Goal of the exercise – Your response should reproduce every line of the entries that contains the word "Design".

=======

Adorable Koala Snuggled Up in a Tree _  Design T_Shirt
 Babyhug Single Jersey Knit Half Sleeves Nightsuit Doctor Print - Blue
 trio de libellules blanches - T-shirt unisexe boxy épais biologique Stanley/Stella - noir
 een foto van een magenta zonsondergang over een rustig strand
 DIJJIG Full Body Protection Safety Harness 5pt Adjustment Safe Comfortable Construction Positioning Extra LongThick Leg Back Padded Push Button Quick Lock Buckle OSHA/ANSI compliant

=======

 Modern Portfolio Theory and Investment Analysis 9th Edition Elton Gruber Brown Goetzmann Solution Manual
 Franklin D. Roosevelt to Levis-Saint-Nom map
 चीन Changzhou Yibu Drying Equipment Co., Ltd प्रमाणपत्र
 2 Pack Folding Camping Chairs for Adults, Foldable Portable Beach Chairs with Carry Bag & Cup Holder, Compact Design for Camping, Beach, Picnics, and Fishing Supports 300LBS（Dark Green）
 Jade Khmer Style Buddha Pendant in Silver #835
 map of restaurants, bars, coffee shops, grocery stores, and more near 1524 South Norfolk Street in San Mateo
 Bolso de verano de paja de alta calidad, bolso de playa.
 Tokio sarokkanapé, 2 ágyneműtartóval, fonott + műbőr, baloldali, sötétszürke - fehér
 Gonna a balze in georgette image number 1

=======

Finished task –
Adorable Koala Snuggled Up in a Tree _  Design T_Shirt
 2 Pack Folding Camping Chairs for Adults, Foldable Portable Beach Chairs with Carry Bag & Cup Holder, Compact Design for Camping, Beach, Picnics, and Fishing Supports 300LBS（Dark Green）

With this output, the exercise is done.